キー配列は106のキーで構成されるJIS配列準拠仕様であり、5576-001キーボードとは異なり米国IBMのPS/2用101配列キーボードとの整合性を強く意識した(但しキースキャンコードは組み合わせが全く異なる部分が結構多いし、そもそもJISとASCIIでは記号のキー割り当てが全く違う)レイアウトとなっているが、現行のOADG 106キー配列、つまりこの製品の直系の後継機種である5576-A01キーボードの配列とは日本語処理に関わる部分の処理が異なっており、Altに相当するキー(“前面キー”と刻印されている)が右側にしかないなど、先行モデル故の試行錯誤と模索の跡が色濃く見える。
基本構造は5576-001との共通点の多さ(専用接続ケーブルを含めて共通)から考えて、恐らく同一の設計チームが手掛けたものと推測され、そのキースイッチも5576-001と共通設計の非常に凝った構造のメカニカルスイッチである。
このキーボードも機構部はアルプス電気によるOEM供給品で、やはり5576-001同様のファンクションキーの部分がフラットでその直下に折れ目があってそこからスペースキーのある最下列までなだらかに湾曲する、シリンドリカル・ステップ/ステップ複合スカルプチャとでも言うべき、複雑で高価な基板(こちらもガラスエポキシ製)が採用されている。
コントローラも5576-001同様Intel純正のi8052AHで、通常の106/109キーボードならば2が標準のキースキャンコードセットは、3がデフォルトとされている。
本家日本IBMの製品だが、公式にはやはりPS/55専用という扱いで、最新のOADG標準規格からは外されてしまっている。
但し、ある意味特殊仕様であった5576-001とは異なりそれなりに普及した製品であったのでOS側のサポートはまずまずで、公式サポートに限ってもWindows 3.x→Windows 9x系のみならずWindows NT 3.x→4.0までフォローされ、Windows 2000やXPでさえ非公式ながらドライバ(実体はキースキャンコード変換テーブル)がシステムフォルダに黙ってインストールされている。

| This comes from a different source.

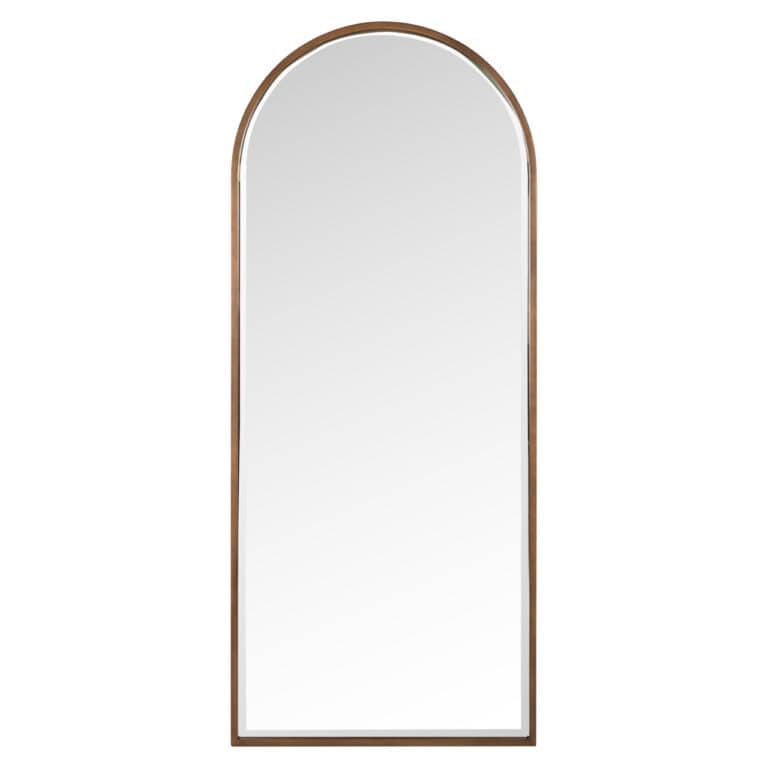 Eleganter Spiegel mit „ brushed  “gold -Oberfläche und geschwungener Form für moderne Innenräume.
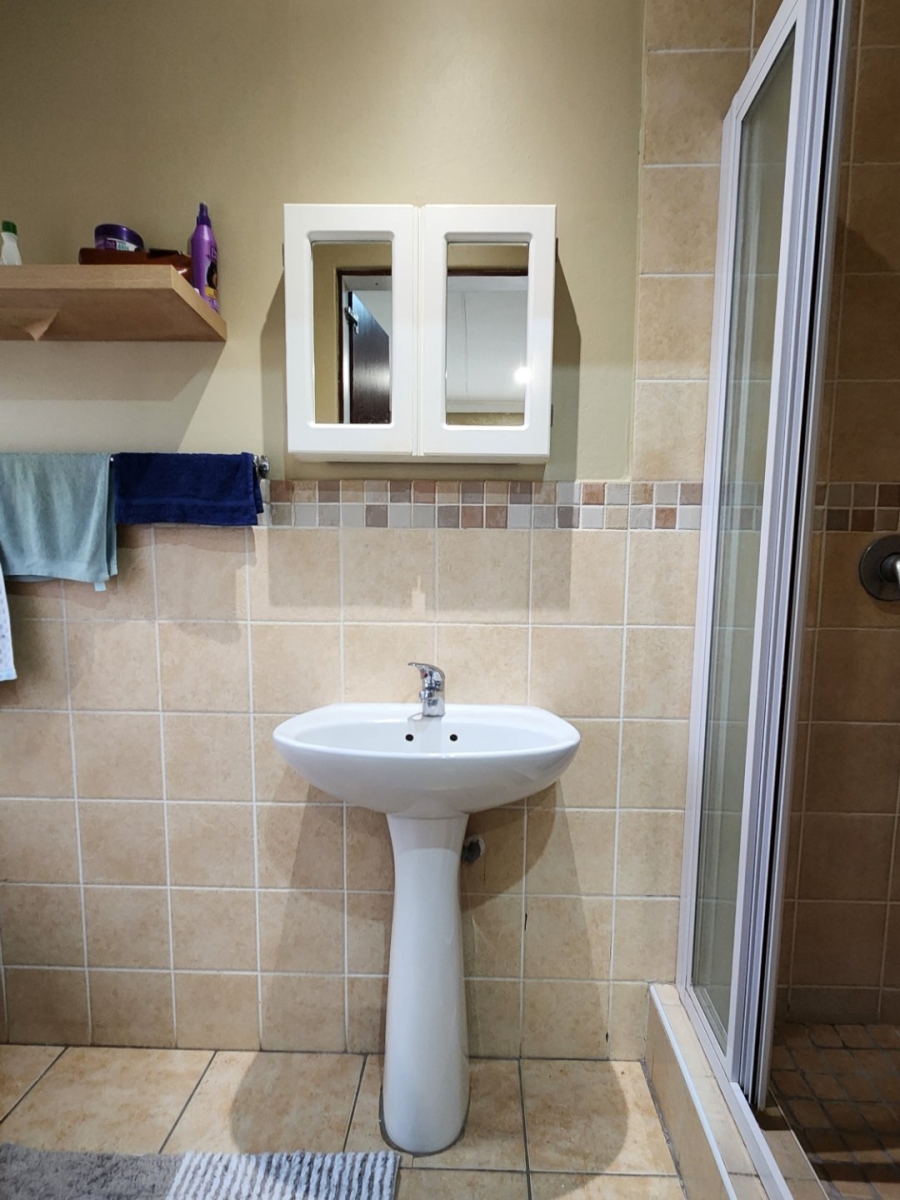 2 Bedroom Property for Sale in The Reeds Gauteng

但し、実際にこのファイルをドライバとして使用する為の定義は標準のkeyboard.infには記述されておらず、Windows 2000・XPにおいてこのキーボードを利用するに当たってはレジストリを直接操作するか、それとも筆者の様に5576AX.infの様なinfファイルを書くかする必要がある。
キータッチ自体は何しろ5576-001と共通のメカニカルスイッチ搭載なので非常に秀逸であり、キークリック音が特徴的で耳につくという欠点さえ我慢できるならば、私の知る限りでは最上の部類に入るキーボードである。
なお、このキーボードもリコーへのOEM供給版が存在し、それ故にIBMのロゴが入る部分が妙に横に長くて余白が設けられている。